Rev. Alex Wilson
March 18, 2018
Rev. Alex Wilson
Vicar

No media available

Reference

John 12: 20-33

Do you think you’d recognize Jesus if he walked into this church? I don't think I would on sight alone. As a kid, I grew up with the idea the Jesus was a white dude, long hair, white robes, and an epic beard. This whitewashed version of jesus is one which means if that is what I am looking for I won't see him. It's so easy to get wrapped up in the theological images of Jesus, the messiah, the chosen one, the king of kings. The images we have of Jesus are so vaunted via our texts that Jesus can often feel distant or unapproachable. Indeed, the distant saviour who comes down from his throne to save us can bring comfort because he is outside of us- this helps our human brains rationalize his presence. However, what if the presence of Jesus was not an idea but a tangible experience. What if it was more than just an idea, but a relationship? Our Gospel from John has something to say about that this morning.

Our gospel todays is positioned directly as the end is nearing in Jesus’ ministry. He can see the cross and knows that things are now in motion for the fulfillment of the scriptures through his death. These end times are not so disassociated from our current contexts however, as we are now nearing the end of our lenten journey. There is for me this weird space between the lament of Lent and the beginning of Holy week, where it feels like we live between two very confusing and emotionally turbulent worlds. Our senses have been restricted since Ash Wednesday, no excitement, no colours, and pageantry in our worship, just simplicity, which thrusts us into the sensory assault of a week that see’s shouting, screaming, waiting, wailing, wondering, yearning, fear, and jubilation. After 40 days of quiet, we will encounter all of that in 7 days. And yet that is what the Gospel this morning prepares us for. Through the tenacity of these greeks asking to see jesus, we are invited into a lived and real relationship with jesus in the week ahead of his death that will change the world. The greeks represent the whole of the world, the world outside the close circle of Jesus’ followers, who want to see him, not think about him. What we as church do when people ask us to see Jesus’ is we tell them about our theologies of Jesus’ our creeds and our customs. We go into our liturgies and practices. What the greeks want to know- what the world want to know is- what does being in a relationship with Jesus feel like.

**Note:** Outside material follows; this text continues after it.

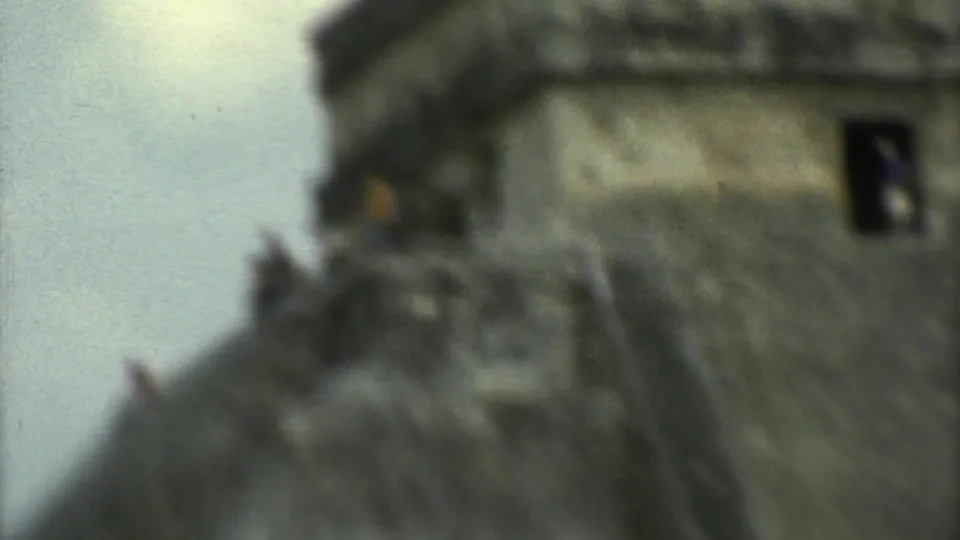 Soft-focused 1973 8mm close view of visitors climbing near the summit of El Castillo at Chichen Itza.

Richard Rohr states “the opposite of faith is not doubt, its certitude.” Faith, as the bedrock of a relationship is our willingness to lean into someone and something because of a feeling or sense that this is a good place for us. A place where we can grow, mature, love and be loved in return. Faith is ultimately a challenge to communicate to someone else, because it's a feeling which we often try and justify by behaviours rather than simply being. When we present  certitudes of faith without room for the doubt of a human heart, we remain closed to the working of the spirit to call and blow us into new places- new directions- new realities, all of which are grounded in our relationship with Jesus. God does not call us to baptism to frame us frozen in time for posterity, he calls us to baptism- which is a relationship, to set us totally free for the work we were created to do. Living in a relationship with Christ points us directly into the face of the cross, that moment and place within which we meet not only our daily deaths to ego and self importance, but are given a foretaste of the resurrection and ascension that Jesus speaks to this morning. You see, our daily lives in relationship with Christ, empowered by baptism and transformed through a eucharistic community such as this one here today is literally the hardest thing we'll ever do, because it means living through our doubts and into a stronger faith which is at its core is a feeling that transforms us.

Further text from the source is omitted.